--- START ---

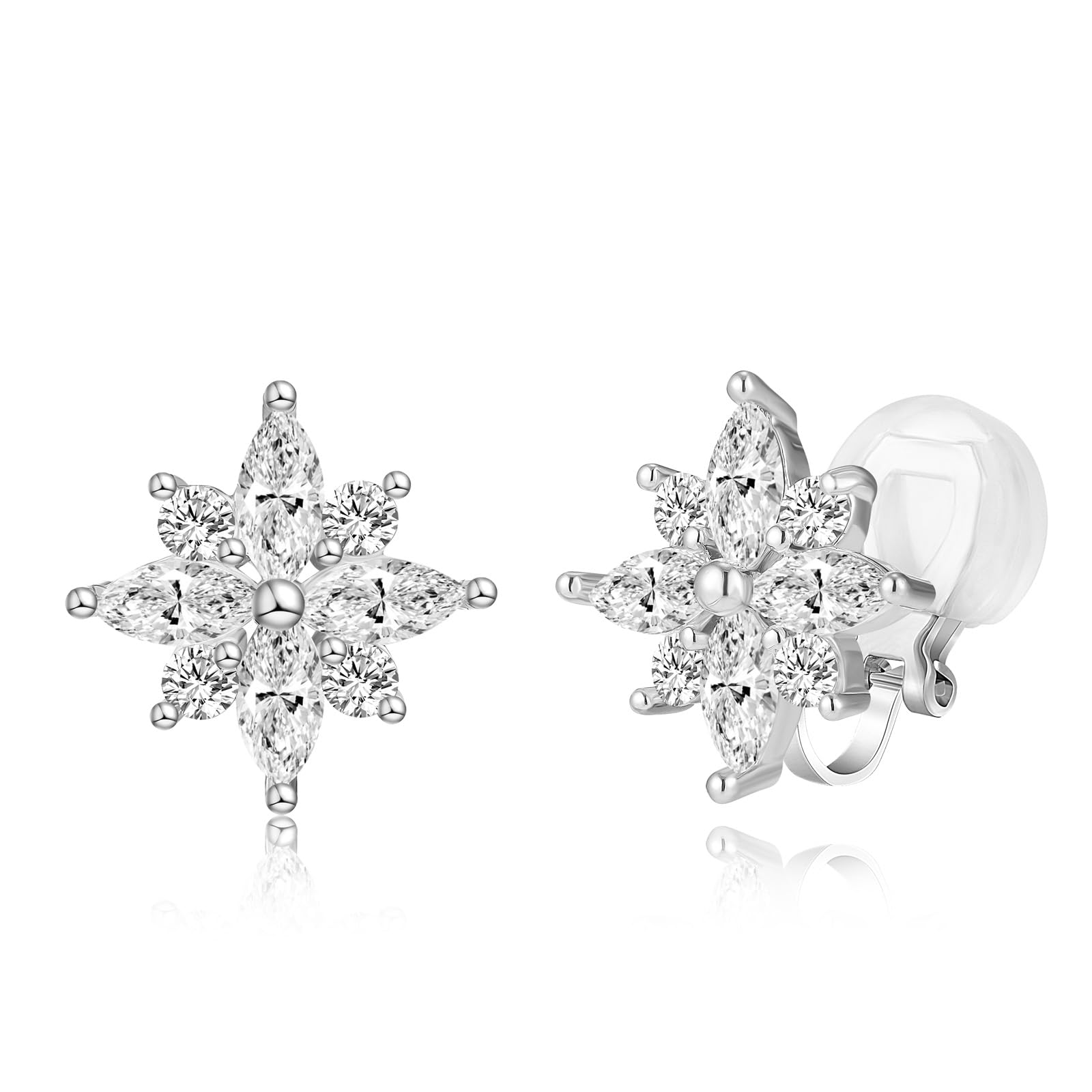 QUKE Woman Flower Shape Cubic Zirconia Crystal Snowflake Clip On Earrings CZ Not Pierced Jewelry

--- END ---
--- START ---

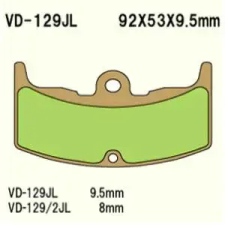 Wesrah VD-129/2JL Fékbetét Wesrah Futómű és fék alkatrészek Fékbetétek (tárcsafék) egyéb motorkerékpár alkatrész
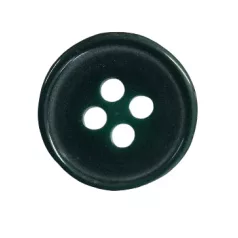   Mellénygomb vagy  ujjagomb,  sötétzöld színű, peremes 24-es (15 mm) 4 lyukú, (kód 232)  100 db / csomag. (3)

--- END ---

» PROBLEM STATEMENT: Text only, no pictures: please print exactly the lines above from the line with "Wesrah VD-129/2JL Fékbetét" up to and including the line with "db / csomag. (3)", and nothing else.

» ANSWER SECTION:
 Wesrah VD-129/2JL Fékbetét Wesrah Futómű és fék alkatrészek Fékbetétek (tárcsafék) egyéb motorkerékpár alkatrész
   Mellénygomb vagy  ujjagomb,  sötétzöld színű, peremes 24-es (15 mm) 4 lyukú, (kód 232)  100 db / csomag. (3)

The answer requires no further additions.